Last night, on New Year’s Eve, anyone with a care to watch would have seen how one event in Dubai went from band to worse and finally ended up in disaster shortly before midnight. Sandance is a music festival held on the huge Sandance Beach in Atlantis on Dubai’s Palm. Sandance is usually held on dates such as New Year’s Eve and last night was no different with headline acts such as DJs Pete Tong, Paul Oakenfold and Axwell.
Unfortunately for the planners of Sandance, Dubai was planning to break a world record last night for the most fireworks used in one event – 400,000 in total over a space of six minutes to be fired from the Palm and the World Islands off the Palm.
The Palm was supposed to be was in lockdown from 8am on New Year’s Eve; anyone wishing to enter had to have a car pass to keep the numbers of people limited to residents and hotel guests. Unlike previous Sandances, this year’s New Year’s Eve party at The Atlantis was shuttle bus only to keep traffic to a minimum. Seventy-five buses were to be used to carry nearly 17,000 partygoers between 5-9pm from Dubai’s American University at Media City to the venue about six kilometers away.
The plan didn’t go accordingly and due to an excess of traffic on the Palm people heading to Sandance on New Year’s Eve were stuck on shuttle buses for more than three hours. Many even spent the stroke of midnight on buses or walking trying to reach the event. And the frustration which included broken down buses, poured onto Twitter… (and also video)
Sandance bosses did use social media to post a few notes on Facebook, including one update which pointed to the reasons behind the chaos: “The NYE traffic on the palm is being controlled by Dubai Police and Nakheel. We are in touch with the authorities to smoothen traffic. We appreciate your patience.”
At the other end of town it was also a long night for Dubai Media Inc. The Emirate’s media organization was supposed to be livestreaming the fireworks from Dubai’s Burj Khalifa and possibly also from the Palm. However, it looks as if their servers weren’t able to cope with demand and visitors to DMI’s website. The difference is however that people hadn’t spent hundreds of Dirhams to visit DMI’s website or spent hours on a bus waiting to get to a destination they never reached.

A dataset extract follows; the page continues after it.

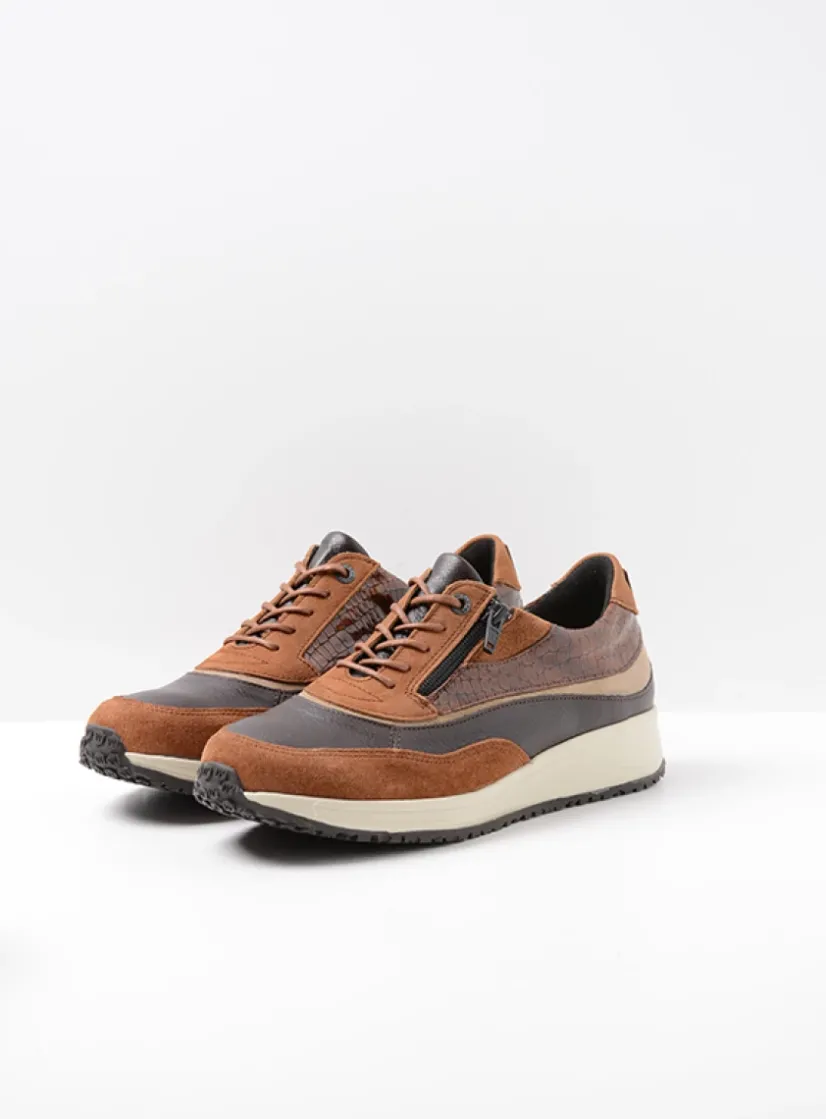 Wolky Sprint - cognac combi leer<DAMES Lage Veterschoenen|Sneakers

For all those who were stuck on the buses my heart goes out to you. Sundance was poorly planned: the organizers put far too much faith in Nakheel and the police to ensure a good flow of traffic. That didn’t happen it seems. However, as evinced by social media the organizers will ultimately be held to blame. Could they have done more on the night via social media? Maybe, but there’s little you can do when things go wrong on New Year’s Eve to ease the pain of plans which go awry.
Great article. Having just moved from Dubai to Singapore I’m breathing a sigh of relief. In true Singapore style we all politely shuffled along, waiting at traffic lights, respecting barriers, the police and organisers. In Dubai, it looks like even though the problem was identified, the solution was never going to be sufficient to deal with a bottleneck like the Palm. What happened to answering the “What if…?” question in crisis management?